[Short descriptive text snippets]
· · · ·
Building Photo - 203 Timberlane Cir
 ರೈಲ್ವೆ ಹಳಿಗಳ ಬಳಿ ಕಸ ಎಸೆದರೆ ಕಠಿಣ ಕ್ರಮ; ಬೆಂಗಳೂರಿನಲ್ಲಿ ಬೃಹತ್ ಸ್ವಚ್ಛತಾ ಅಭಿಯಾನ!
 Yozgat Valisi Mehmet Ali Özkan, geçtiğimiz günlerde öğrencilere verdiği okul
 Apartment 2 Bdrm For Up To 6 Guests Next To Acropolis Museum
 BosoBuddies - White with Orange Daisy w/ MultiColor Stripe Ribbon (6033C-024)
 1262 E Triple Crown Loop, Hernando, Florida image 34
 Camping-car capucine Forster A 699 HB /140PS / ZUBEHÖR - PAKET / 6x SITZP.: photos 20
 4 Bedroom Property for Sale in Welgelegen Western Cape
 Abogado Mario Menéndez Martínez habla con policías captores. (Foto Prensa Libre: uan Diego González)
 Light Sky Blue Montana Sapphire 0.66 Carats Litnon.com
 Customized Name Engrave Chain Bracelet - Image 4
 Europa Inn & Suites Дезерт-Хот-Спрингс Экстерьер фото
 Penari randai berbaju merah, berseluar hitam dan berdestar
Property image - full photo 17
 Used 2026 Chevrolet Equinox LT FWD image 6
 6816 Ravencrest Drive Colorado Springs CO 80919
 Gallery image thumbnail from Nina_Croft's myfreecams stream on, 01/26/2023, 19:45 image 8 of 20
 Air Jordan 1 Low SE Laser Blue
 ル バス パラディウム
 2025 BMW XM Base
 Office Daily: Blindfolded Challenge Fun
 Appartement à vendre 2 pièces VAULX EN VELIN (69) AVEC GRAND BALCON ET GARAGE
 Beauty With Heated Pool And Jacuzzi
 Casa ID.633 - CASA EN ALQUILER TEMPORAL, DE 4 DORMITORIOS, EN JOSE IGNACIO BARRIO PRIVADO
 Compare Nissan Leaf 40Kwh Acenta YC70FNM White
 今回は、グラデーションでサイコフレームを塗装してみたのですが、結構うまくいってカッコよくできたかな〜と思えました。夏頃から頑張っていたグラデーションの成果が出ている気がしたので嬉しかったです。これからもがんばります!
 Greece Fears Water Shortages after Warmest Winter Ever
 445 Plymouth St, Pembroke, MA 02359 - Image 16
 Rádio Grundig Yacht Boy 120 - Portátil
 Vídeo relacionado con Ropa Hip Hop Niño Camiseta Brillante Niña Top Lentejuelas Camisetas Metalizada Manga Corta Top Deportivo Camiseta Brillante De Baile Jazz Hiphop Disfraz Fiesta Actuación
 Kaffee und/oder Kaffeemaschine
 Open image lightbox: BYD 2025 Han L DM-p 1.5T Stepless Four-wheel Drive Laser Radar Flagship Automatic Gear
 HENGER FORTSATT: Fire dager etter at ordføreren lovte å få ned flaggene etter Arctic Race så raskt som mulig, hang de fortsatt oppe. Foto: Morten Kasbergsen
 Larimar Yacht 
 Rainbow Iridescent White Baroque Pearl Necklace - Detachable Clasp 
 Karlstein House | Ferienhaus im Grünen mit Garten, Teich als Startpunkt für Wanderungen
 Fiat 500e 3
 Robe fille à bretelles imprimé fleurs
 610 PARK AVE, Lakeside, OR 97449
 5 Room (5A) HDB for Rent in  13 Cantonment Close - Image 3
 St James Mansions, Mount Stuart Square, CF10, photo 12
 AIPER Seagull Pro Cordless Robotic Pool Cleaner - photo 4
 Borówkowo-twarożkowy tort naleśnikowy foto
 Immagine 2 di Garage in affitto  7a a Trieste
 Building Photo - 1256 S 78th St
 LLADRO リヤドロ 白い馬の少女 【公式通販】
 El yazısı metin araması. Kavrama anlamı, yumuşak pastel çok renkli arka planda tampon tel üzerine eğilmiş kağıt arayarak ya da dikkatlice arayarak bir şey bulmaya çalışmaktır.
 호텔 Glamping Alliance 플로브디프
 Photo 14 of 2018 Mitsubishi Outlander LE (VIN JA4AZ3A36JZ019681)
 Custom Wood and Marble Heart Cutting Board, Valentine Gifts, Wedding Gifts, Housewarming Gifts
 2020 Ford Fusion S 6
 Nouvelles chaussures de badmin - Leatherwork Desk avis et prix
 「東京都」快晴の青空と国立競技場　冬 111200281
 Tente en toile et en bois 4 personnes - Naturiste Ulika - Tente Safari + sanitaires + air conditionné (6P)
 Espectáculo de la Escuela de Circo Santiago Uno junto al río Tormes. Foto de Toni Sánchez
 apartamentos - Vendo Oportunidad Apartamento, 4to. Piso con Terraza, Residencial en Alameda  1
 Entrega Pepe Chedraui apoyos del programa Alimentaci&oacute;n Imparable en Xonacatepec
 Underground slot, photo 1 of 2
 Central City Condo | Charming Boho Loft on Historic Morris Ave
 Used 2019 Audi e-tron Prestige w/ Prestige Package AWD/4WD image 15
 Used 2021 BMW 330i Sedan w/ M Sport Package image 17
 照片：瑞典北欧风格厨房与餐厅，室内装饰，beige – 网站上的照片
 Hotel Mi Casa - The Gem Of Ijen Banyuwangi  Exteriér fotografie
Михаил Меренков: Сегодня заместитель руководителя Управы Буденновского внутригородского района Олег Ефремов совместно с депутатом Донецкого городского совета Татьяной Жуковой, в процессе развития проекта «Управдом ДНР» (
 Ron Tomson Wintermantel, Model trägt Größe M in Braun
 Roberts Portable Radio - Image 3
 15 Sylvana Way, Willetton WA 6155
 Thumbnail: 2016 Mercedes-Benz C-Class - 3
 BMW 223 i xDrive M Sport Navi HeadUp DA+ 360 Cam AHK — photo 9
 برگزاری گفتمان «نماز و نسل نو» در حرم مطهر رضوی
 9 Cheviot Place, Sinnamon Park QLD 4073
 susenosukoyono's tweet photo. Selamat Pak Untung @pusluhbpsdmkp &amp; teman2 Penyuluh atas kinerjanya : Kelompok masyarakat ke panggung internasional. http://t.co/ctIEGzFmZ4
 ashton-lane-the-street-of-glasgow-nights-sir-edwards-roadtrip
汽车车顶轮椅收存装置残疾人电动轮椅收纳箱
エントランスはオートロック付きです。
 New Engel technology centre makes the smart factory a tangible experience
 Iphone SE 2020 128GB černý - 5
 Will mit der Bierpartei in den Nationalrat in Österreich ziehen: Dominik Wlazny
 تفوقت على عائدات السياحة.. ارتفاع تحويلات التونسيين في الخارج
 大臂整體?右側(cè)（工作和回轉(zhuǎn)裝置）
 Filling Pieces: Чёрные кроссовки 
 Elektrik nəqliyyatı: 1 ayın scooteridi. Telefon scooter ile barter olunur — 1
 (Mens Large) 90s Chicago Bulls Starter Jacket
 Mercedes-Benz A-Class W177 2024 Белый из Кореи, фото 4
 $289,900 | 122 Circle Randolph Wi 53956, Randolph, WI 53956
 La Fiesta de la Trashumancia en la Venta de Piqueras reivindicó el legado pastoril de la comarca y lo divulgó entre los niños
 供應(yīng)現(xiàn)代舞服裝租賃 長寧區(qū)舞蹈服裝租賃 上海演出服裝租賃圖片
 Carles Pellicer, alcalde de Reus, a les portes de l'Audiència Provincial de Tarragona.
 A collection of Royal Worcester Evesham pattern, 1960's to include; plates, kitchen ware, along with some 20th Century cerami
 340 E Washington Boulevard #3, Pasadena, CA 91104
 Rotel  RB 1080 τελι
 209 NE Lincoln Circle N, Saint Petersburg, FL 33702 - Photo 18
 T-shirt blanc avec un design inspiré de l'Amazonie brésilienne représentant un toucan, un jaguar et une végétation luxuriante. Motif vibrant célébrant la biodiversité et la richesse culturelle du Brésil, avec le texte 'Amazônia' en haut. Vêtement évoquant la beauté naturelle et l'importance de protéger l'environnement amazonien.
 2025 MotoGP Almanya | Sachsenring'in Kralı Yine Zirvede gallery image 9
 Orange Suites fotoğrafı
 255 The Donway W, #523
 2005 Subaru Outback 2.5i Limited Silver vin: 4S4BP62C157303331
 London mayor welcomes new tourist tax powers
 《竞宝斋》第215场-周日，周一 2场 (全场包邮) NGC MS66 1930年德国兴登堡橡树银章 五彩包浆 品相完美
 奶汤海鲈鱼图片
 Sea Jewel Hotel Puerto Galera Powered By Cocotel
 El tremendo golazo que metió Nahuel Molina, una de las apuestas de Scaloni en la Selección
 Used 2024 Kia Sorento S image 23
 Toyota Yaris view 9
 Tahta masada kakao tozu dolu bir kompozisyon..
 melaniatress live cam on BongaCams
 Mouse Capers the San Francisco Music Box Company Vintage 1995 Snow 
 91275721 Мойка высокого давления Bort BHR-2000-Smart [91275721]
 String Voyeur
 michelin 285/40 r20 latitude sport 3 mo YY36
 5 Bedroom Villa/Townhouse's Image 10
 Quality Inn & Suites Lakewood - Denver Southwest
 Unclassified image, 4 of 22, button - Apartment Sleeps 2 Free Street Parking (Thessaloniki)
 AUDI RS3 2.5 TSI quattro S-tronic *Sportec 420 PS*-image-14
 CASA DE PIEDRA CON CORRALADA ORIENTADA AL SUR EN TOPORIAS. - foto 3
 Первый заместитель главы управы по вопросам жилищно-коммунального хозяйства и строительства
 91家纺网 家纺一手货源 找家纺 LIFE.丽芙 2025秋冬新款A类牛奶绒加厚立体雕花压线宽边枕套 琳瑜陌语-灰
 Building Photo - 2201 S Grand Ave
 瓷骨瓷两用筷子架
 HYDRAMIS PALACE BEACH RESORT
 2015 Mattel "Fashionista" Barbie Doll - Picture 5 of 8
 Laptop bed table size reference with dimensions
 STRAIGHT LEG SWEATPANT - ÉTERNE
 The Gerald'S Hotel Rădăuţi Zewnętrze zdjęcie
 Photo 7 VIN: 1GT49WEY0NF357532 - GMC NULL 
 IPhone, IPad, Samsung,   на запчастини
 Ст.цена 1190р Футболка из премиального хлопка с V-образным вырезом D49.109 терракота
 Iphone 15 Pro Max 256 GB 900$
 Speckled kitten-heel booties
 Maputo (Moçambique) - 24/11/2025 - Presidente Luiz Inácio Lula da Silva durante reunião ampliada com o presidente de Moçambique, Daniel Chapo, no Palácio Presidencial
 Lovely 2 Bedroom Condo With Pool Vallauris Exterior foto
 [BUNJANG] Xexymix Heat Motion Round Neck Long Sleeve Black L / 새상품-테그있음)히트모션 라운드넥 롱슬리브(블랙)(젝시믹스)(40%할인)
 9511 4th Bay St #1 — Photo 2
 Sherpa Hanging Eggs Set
· · · ·
**WHAT NEEDS TO BE DONE:**
Go over the records above line by line and count those holding the word "Bedroom". Reply only with the number.

**ANSWER FOR THE TASK:**
3